Suicide Run (Engines of Liberty Book 2)
Page 13
He reached a hand down to Kalfu’s forehead and felt a presence leave his own body, returning home to its proper vessel.
Godfrey staggered backward stiffly, still not fully in control of himself. A whirlwind of dust and magic surrounded Kalfu LeVeau, howling with terrible might, and when it settled down, the voodoo master stood on his feet again, shimmering with a dark aura.
“Thank you, Master Norrington,” Kalfu said, flashing his
bright white teeth in a sinister leer. “I’d have done it myself, you see, but a man can be too broken. You know a great many of my secrets now. I would destroy most men for so much, but you and I still have a task to complete.”

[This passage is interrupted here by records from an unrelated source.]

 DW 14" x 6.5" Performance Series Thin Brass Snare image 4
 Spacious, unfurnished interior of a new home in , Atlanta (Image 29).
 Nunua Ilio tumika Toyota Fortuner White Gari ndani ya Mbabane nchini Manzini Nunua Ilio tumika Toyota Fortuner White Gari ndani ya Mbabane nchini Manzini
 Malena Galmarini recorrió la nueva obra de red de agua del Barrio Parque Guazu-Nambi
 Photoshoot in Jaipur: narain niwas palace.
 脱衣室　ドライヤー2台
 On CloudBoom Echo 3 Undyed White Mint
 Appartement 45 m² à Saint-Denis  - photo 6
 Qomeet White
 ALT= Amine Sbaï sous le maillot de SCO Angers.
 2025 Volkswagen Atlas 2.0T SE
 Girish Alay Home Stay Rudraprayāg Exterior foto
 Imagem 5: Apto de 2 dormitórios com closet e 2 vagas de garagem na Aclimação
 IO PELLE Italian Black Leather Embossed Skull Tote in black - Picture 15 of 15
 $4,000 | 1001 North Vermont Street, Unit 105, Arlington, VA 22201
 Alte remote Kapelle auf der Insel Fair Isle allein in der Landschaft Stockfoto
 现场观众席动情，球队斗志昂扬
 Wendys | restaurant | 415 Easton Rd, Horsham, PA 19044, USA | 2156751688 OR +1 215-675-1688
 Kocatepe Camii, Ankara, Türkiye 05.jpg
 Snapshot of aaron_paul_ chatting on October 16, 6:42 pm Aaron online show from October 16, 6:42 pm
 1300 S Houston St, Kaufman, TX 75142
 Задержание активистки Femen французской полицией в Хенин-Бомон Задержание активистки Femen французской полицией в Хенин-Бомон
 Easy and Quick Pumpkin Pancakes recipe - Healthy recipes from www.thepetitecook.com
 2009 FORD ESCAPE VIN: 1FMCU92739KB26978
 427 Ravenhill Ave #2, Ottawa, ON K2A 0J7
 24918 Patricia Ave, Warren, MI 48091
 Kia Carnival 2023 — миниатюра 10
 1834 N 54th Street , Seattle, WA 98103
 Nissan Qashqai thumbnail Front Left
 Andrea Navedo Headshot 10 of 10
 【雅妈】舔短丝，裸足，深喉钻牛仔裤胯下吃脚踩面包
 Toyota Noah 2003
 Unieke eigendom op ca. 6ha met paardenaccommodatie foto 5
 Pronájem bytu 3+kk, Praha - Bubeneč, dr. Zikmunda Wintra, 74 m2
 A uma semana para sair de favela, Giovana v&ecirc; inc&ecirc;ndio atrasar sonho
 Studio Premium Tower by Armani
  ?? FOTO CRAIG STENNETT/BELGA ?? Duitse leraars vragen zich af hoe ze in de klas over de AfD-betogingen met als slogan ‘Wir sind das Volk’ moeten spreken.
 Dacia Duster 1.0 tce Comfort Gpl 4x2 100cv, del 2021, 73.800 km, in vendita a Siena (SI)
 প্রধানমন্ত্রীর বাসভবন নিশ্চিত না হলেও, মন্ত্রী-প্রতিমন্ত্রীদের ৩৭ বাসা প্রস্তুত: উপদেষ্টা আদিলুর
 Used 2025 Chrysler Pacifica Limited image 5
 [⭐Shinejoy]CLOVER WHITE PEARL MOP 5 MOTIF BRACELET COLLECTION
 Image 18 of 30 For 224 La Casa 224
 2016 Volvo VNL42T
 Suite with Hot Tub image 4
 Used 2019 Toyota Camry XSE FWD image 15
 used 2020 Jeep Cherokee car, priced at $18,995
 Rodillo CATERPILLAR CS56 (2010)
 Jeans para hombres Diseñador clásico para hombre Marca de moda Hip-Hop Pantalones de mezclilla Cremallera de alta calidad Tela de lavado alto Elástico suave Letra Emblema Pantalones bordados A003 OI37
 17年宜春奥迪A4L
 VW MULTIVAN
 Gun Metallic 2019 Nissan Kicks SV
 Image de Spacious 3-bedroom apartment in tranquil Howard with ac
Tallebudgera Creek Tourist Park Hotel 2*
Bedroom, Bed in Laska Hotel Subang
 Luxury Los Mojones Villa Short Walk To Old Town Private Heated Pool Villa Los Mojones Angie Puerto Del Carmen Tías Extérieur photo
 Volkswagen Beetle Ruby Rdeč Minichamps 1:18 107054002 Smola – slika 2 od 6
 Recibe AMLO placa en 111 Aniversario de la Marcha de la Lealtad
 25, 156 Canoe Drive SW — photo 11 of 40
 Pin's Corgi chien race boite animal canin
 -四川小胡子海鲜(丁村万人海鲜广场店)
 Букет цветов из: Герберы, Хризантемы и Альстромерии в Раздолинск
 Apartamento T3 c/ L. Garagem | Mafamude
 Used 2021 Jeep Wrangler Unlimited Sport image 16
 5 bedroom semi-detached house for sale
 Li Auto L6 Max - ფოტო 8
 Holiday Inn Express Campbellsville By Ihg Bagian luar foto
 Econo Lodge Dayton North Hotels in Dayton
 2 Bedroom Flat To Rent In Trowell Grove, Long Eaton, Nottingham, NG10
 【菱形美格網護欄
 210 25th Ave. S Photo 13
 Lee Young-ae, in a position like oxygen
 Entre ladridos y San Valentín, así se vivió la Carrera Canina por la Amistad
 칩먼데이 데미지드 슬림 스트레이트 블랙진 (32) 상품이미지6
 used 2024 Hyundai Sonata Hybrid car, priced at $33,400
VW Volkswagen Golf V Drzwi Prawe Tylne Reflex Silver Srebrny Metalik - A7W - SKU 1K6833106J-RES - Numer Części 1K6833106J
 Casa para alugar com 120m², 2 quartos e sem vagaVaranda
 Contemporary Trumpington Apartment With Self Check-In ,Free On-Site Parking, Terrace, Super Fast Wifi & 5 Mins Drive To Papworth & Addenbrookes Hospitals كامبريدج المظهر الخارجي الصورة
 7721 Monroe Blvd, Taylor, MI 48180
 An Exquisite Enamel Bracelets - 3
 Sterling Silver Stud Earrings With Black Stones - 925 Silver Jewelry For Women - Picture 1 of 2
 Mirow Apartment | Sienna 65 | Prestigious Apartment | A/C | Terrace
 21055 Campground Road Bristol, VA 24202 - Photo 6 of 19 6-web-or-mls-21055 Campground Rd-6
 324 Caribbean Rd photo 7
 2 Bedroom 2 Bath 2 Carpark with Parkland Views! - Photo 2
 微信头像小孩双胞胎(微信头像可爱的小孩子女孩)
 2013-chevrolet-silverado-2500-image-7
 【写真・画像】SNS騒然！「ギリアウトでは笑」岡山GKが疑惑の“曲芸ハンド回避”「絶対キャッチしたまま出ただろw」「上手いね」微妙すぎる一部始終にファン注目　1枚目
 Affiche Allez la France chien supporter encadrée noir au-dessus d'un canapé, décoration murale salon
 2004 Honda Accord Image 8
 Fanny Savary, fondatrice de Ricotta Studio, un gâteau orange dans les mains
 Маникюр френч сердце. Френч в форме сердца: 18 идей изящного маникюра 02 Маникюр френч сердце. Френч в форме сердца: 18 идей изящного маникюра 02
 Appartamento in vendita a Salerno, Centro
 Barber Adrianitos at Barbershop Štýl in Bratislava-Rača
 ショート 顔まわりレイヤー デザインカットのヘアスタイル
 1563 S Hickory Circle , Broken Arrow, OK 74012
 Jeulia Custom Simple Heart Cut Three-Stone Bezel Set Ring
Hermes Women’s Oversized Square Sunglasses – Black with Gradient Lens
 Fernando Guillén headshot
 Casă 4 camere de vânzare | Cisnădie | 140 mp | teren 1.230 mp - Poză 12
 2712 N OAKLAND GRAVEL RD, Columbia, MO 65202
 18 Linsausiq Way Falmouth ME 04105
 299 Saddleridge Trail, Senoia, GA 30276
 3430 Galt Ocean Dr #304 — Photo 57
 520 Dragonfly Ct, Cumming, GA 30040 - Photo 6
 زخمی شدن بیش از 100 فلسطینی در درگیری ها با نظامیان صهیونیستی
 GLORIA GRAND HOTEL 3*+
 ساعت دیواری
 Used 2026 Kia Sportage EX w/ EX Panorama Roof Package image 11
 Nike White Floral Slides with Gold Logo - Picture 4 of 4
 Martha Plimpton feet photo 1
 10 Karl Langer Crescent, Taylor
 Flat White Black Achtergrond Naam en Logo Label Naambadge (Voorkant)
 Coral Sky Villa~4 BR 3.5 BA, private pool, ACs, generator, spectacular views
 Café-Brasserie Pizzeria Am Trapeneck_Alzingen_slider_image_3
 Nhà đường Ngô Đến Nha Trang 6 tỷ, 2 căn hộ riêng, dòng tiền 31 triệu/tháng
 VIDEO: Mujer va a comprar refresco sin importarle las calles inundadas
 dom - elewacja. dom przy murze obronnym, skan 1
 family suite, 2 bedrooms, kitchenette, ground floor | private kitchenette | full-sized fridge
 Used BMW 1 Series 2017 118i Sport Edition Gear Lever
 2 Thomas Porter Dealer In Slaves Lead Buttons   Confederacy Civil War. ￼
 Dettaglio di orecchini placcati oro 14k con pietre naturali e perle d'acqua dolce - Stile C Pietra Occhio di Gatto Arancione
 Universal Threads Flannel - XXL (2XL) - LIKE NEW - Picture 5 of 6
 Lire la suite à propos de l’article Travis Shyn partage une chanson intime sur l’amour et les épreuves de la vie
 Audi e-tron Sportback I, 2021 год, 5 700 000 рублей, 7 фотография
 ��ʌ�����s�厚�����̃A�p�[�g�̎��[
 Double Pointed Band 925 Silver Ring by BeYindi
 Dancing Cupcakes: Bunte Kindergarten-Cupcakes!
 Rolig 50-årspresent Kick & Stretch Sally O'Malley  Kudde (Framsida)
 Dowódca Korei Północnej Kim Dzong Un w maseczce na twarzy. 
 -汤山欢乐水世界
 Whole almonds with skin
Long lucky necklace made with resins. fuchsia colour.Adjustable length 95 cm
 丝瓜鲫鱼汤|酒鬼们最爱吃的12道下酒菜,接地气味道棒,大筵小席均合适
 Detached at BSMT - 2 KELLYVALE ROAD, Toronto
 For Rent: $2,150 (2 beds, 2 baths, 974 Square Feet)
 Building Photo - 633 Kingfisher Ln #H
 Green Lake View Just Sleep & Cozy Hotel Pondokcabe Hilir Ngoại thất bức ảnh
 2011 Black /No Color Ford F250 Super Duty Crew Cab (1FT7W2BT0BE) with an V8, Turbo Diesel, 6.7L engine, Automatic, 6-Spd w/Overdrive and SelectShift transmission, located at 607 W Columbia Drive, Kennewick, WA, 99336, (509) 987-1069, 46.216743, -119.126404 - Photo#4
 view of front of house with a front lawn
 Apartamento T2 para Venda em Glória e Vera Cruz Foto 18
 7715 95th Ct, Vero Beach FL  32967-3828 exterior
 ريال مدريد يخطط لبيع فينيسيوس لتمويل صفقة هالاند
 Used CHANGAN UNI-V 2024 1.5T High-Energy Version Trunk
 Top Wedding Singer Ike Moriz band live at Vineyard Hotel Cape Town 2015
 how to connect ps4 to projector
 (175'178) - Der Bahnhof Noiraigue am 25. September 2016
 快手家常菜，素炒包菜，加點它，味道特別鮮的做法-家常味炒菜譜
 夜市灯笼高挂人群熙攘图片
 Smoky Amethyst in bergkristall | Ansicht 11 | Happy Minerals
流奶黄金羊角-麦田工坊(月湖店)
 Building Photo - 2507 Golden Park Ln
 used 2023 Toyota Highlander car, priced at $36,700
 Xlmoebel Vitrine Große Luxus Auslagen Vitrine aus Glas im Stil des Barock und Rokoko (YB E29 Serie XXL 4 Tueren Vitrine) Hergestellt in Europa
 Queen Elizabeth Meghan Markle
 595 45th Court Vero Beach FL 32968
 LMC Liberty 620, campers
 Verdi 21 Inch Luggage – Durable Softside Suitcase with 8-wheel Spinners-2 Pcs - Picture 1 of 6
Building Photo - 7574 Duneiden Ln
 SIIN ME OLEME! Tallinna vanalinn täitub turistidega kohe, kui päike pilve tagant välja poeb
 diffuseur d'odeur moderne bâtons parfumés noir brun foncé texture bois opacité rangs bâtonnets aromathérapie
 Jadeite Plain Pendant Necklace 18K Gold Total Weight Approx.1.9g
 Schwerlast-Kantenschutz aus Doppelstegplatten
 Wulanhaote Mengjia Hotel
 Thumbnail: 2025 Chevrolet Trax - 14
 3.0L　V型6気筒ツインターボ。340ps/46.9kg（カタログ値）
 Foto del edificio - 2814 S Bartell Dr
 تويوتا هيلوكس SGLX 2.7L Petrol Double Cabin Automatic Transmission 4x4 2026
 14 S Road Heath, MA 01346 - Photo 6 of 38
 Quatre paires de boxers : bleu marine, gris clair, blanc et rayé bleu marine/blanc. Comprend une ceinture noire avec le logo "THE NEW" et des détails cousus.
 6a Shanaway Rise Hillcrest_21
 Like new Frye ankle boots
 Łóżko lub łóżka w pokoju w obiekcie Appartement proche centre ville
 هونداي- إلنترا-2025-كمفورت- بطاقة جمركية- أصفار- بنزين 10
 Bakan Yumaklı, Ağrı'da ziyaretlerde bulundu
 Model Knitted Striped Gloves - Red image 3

Godfrey’s feet suddenly held in place. Kalfu extended a hand and cast a spell to reverse the damage to his heart, and as the magic worked, Godfrey caught a glimpse into Kalfu’s mind, his memories, his true history. What lay hidden in there would have stunned even a lifelong practitioner of magic—mainly because Kalfu was too old to still be alive.
The sangromancer had left Africa almost three centuries ago, having been captured by slavers and brought to Meryka along with his brother. They were put to work in cotton fields, side by side, enduring their hardship by relying on one another. One afternoon his brother had tried to escape, only to be beaten to within an inch of his life by a warden. Kalfu had seen it all, crying out in anguish every time the whip struck his brother’s flesh.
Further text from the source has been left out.